Besides lower leverage, the interest savings should add three cents per share to Tenet’s 2010 earnings, according to a report by Kemp Dolliver, a managing director and healthcare stock analyst with Avondale Partners.
The sale included $300 million in shares to investors and $45 million in shares purchased by the investment banks underwriting the preferred stock issue, Tenet said. The company expects net proceeds of $335 million after expenses. Tenet said it used $315 million of the proceeds to repurchase $300 million of the company’s 9.25% senior notes due in 2015. Tenet had $800 million of the notes outstanding before the transactions, according to Dolliver.

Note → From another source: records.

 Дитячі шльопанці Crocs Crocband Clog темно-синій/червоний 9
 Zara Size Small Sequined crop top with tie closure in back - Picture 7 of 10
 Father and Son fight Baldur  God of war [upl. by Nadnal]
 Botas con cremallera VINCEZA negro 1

By repurchasing those notes, Tenet will save nearly $27.8 million in interest costs annually. The dividend costs on $345 million are $24.2 million, for an annual savings of $3.6 million. The $1,000 face value preferred shares, moreover, will convert to between roughly 142 and 171 shares of Tenet’s common stock on Oct. 1, 2012; the precise number depends on the price of Tenet’s common shares on the mandatory conversion date. Once the preferred shares are converted, Villwock added, Tenet will reap all of the interest savings from the bonds that were repurchased with the proceeds.

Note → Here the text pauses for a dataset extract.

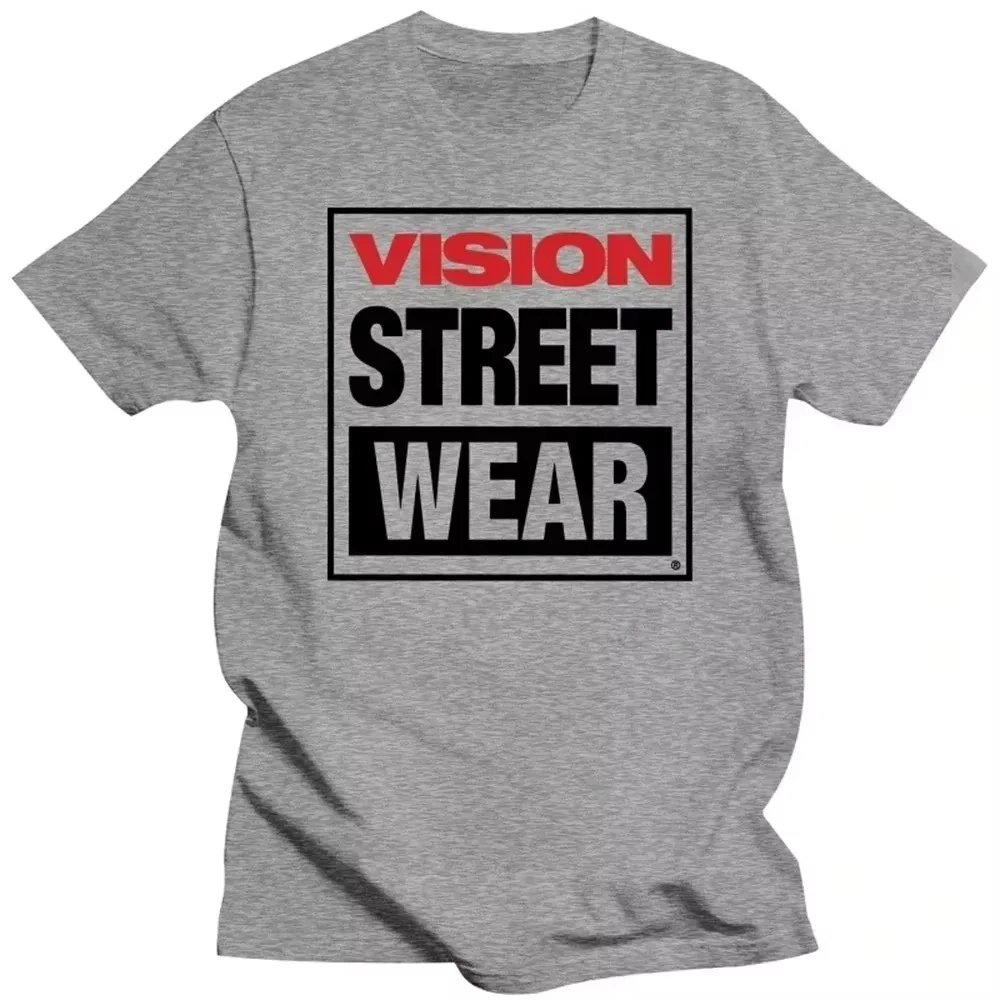 Women Vision Street Wear T-Shirt Vision Street Wear Vintage Summer Top Fitted for Summer Sleeved Harajuku Streetwear Tops Tees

Tenet’s previous financing moves this year—a $1.6 billion bond exchange offer in January and $450 million in new 10-year bonds sold in June—lengthened the company’s debt maturities, but did nothing to lower its overall debt (June 15, p. 12). “The biggest impediment that they have is the amount of leverage,” Villwock said. Tenet’s operating earnings are at least meeting its financing needs now, Villwock said, but cutting debt requires operating earnings to exceed those needs.

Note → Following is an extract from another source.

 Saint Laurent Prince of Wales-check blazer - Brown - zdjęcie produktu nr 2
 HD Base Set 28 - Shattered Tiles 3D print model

The company announced earlier this month that its expectations for 2009 earnings before interest, taxes, depreciation and amortization were rising to a range of $900 million to $950 million, up from $810 million to $875 million. In another report, Avondale’s Dolliver wrote that he expects the company to exceed $1 billion in 2010 on this measure of operating earnings, thanks to improvements in volume, good expense control and better-than-expected trends on bad debt and payer mix.